After discovering that the YHA luggage store was well and truly full of backpacker gear we dumped our hand luggage in the boot of the hire car and trudged the 500 or so metres to the transit centre where we secured a locker for 24 hours, or part thereof, purchasing a copy of Lonely Planet's South East Asia on a shoestring on the way. We had a slow breakfast from the YHA cafe on returning to collect the car and then set off for a car wash. We found one, much to Ian's annoyance, 8 kilometres out of town on the way to Ipswich. The BP superwash made a poor job of cleaning the ground in flies from the bonnet and windscreen. We then returned the car to Hertz with 30 minutes to go and wandered through Brisbane dealing with our various tasks.
The first was to collect some post that Mark had kindly forwarded to Brisbane for us from Waverley. The second was to return to the cyber cafe so I could complete the uploading of my journal to 8 February 2003 thus enabling me to send my second completed journal home. The third, to send a further twenty seven rolls of completed film home to England which took a while and didn't fill me with confidence.
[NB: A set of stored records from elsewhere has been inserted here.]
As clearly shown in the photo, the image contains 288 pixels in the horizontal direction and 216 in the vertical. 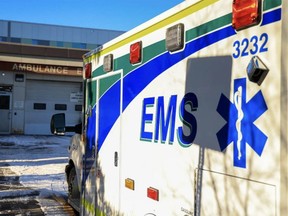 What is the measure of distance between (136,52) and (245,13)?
4.82 feet

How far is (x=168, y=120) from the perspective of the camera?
288cm

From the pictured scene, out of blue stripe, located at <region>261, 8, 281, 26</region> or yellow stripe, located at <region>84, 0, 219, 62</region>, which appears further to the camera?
yellow stripe, located at <region>84, 0, 219, 62</region>

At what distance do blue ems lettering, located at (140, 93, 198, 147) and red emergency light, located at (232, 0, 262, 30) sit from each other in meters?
0.60

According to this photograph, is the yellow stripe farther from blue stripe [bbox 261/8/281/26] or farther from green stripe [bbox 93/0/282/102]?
blue stripe [bbox 261/8/281/26]

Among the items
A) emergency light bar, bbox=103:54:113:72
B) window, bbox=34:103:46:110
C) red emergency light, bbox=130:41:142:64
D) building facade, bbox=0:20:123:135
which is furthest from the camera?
window, bbox=34:103:46:110

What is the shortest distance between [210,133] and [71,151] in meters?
3.86

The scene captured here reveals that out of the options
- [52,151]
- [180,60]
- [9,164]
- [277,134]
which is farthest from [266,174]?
[52,151]

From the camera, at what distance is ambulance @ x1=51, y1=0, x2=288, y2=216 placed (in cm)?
195

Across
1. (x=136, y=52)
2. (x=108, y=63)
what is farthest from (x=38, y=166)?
(x=136, y=52)

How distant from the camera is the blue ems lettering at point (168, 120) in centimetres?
262

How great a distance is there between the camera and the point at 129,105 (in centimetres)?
357

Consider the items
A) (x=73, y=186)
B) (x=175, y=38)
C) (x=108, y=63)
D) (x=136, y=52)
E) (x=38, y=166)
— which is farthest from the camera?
(x=38, y=166)

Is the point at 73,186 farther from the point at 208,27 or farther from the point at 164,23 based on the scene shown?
the point at 208,27

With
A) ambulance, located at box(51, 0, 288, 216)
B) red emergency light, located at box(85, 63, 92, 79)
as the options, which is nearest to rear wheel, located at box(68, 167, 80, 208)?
red emergency light, located at box(85, 63, 92, 79) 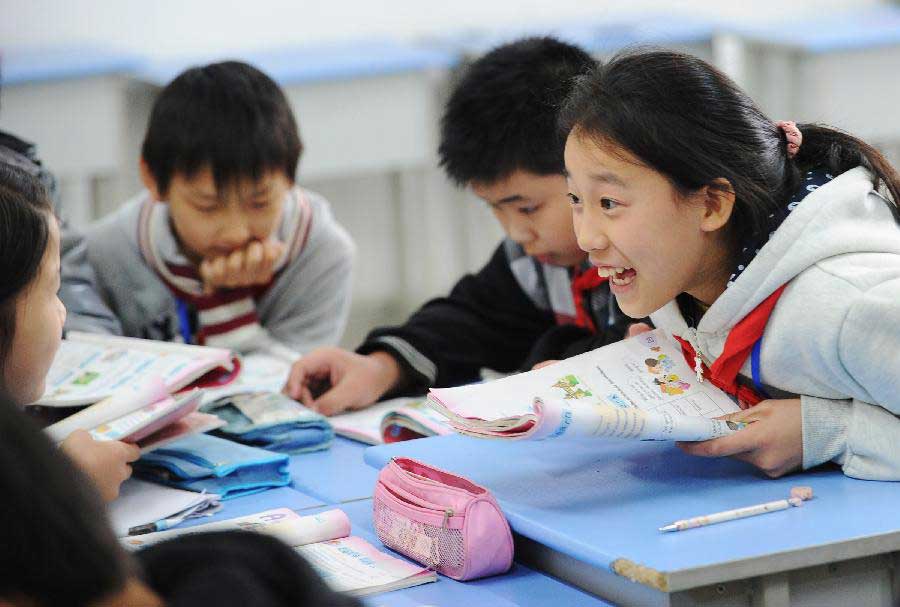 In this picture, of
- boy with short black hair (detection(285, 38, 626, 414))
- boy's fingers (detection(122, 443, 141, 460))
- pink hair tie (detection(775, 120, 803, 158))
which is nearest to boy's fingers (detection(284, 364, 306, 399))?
boy with short black hair (detection(285, 38, 626, 414))

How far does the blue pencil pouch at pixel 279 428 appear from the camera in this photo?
1.37 m

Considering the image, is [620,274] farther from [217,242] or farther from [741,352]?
[217,242]

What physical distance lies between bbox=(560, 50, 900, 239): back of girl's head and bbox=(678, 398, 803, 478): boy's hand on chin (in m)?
0.18

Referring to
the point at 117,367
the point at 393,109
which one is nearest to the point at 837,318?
the point at 117,367

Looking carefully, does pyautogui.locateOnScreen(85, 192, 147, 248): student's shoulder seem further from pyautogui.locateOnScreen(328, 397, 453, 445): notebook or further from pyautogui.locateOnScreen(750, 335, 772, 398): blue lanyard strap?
pyautogui.locateOnScreen(750, 335, 772, 398): blue lanyard strap

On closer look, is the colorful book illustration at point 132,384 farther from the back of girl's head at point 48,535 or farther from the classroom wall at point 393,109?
the classroom wall at point 393,109

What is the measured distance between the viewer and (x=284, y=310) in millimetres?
2039

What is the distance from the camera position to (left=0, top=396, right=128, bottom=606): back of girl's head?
17.5 inches

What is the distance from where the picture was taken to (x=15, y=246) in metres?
1.08

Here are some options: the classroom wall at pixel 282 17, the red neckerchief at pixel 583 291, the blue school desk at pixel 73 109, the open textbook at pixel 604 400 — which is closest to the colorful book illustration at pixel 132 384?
the open textbook at pixel 604 400

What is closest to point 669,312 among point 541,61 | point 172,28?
point 541,61

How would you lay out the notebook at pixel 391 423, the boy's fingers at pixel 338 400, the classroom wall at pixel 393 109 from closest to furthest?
the notebook at pixel 391 423
the boy's fingers at pixel 338 400
the classroom wall at pixel 393 109

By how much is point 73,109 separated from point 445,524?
7.76 feet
The fourth, to send some books and maps back to Mark in Bronte that we had borrowed and collected en route. The fifth, to relax for 30 minutes and have a hot chocolate and a spot of late lunch. I began to read my next novel. Then we parted company and Ian went to a Sony shop then on to the cyber cafe. I went into the city and found a fabulous Boots type shop, bought some essentials, then went looking for a journal book. I couldn't find one but did stumble across a supermarket although it didn't want to sell me some washing powder suitable for travelling. Then I found a post shop, bought a stamp and went hunting for a greetings card on which I could affix my stamp. I found it eventually, along with my replacement journal book. Satisfied with my purchases I returned to the cyber cafe to join Ian and wrote my journal of the last two days while Ian fiddled with his journal online.
Having caught the airport train to Brisbane International Airport, having retrieved our backpacks from the locker, we checked in with much ease and proceeded through to the departure lounge. We attempted to reclaim the GST that was applied by FedEx on the import of the two dive computers and were disappointed to find that we couldn't because the computers were less than twelve months old. We bought some sandwiches and beer from the cafe and soon enough it was time to board the aircraft.
Our flight bound for Singapore, on a 777, departed ahead of schedule at 00:11 and was quite empty. The flight lasted 7 hours 9 minutes, arriving in Singapore at 06:20 local time, 22:20 GMT. The flight was our most turbulent flight yet!